● Problem description: Quote the data below in full, minus the images.

● Input data:

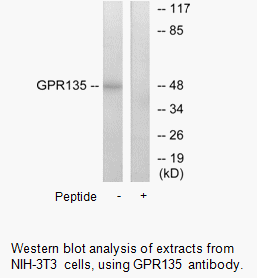 Product image for GPR135 Antibody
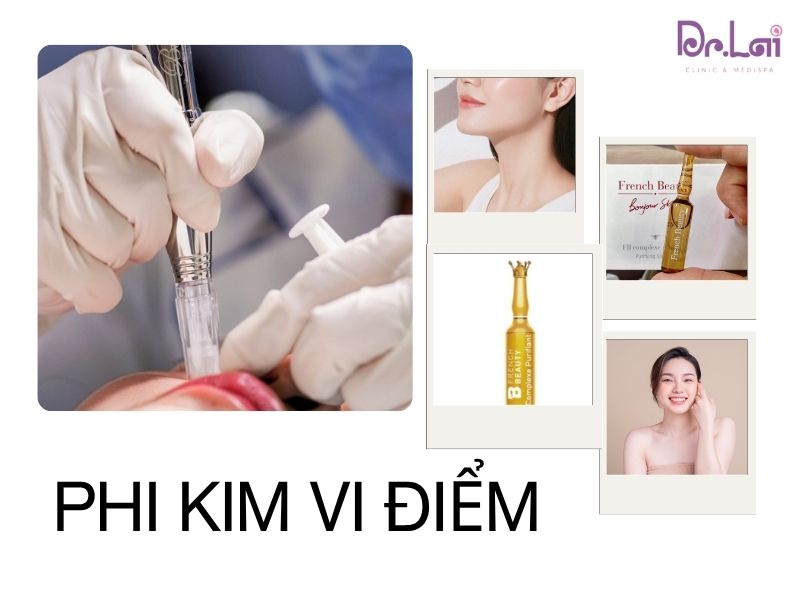 Phương pháp phi kim vi điểm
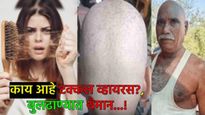 बुलढाण्यात आलाय 'टक्कल व्हायरस'?, कशामुळे होती केस गळती, जाणून घ्या-त्यामागील प्रमुख कारणं!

● Answer for the task:
 Product image for GPR135 Antibody
 Phương pháp phi kim vi điểm
 बुलढाण्यात आलाय 'टक्कल व्हायरस'?, कशामुळे होती केस गळती, जाणून घ्या-त्यामागील प्रमुख कारणं!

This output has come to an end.